Wife Disobeyed Me, I Threatened Her with a Knife

11 December, 2017
Q Last week, I was talking to my sister over the phone for around one hour and a half and my wife was not happy and started to moan and groan. Actually, my wife and sister don't get along well. My wife's sister and her baby are also staying with us. They came from back from. My wife started to moan and groan and it really got to me and we started to argue. I was very angry and gave her a tiny slap on the face and I told her sister to leave the house and situation got worse, there was a lot of verbal altercation and there was a lot of pushing and shoving going on. I took a knife and made threats towards my wife's sister. My wife called the police and I got arrested but the case was dropped.

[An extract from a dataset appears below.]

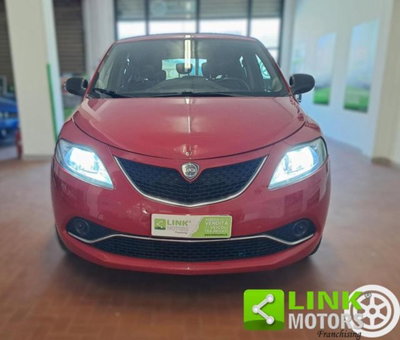 Lancia Ypsilon 1.2 69 CV 5 porte GPL Ecochic Alberta Ferretti (5)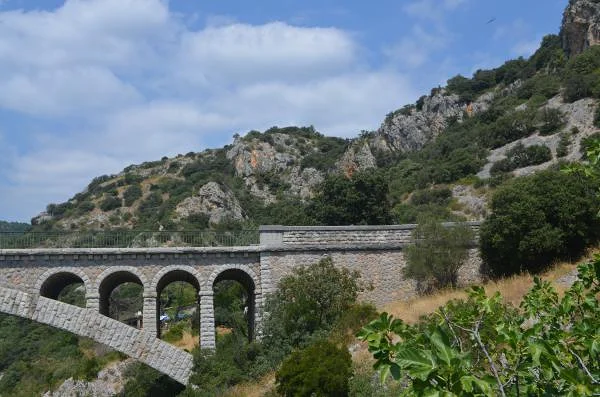 Vue depuis le pont du Diable — Pont du Diable de Saint-Jean-de-Fos (France)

Since Sunday, I had been living outside the house and my wife said that she is not ready to see me and that I should look for an accommodation somewhere else. On Tuesday, she came to the hotel that I am living and dropped my stuff in a suitcase. Though she has provoked me and that's how the argument started, I told my wife that I am really ashamed of my actions and would like to come home to apologize to my wife and sister in law. But she said that she is not ready to see me. I even went back home one night after work but she would not open the door and said that she needs more time. It’s been a week since I have not been home now. I kept telling my wife that I want to see them to apologize and we can move on but she would not listen to me. I have got a strong feeling that she is being advised by her sister not to let me in and after her sister and baby are gone then she will let me in. I am very confused at the moment and don't really know what to do. I pay for the mortgage and I have got the right to be in our Marital Home. Can you please advise. Jazakallah.

Answer


In this counseling answer:

“Begin with giving her space as well as taking space yourself. Use this time to learn some of the anger management practices that we are taught about in Islam. If after some time she is still refusing to speak with you, you might consider writing a letter and appointing an intermediary who can make the first interaction with her easier and smoother. Once you are able to overcome the immediate difficulties, there are also steps you can take to maintain peace in the relationship such as seeking counselling and making sure to give each other your time. You could do this by having a set day each week that the two of you go out along e together, just the two of you.”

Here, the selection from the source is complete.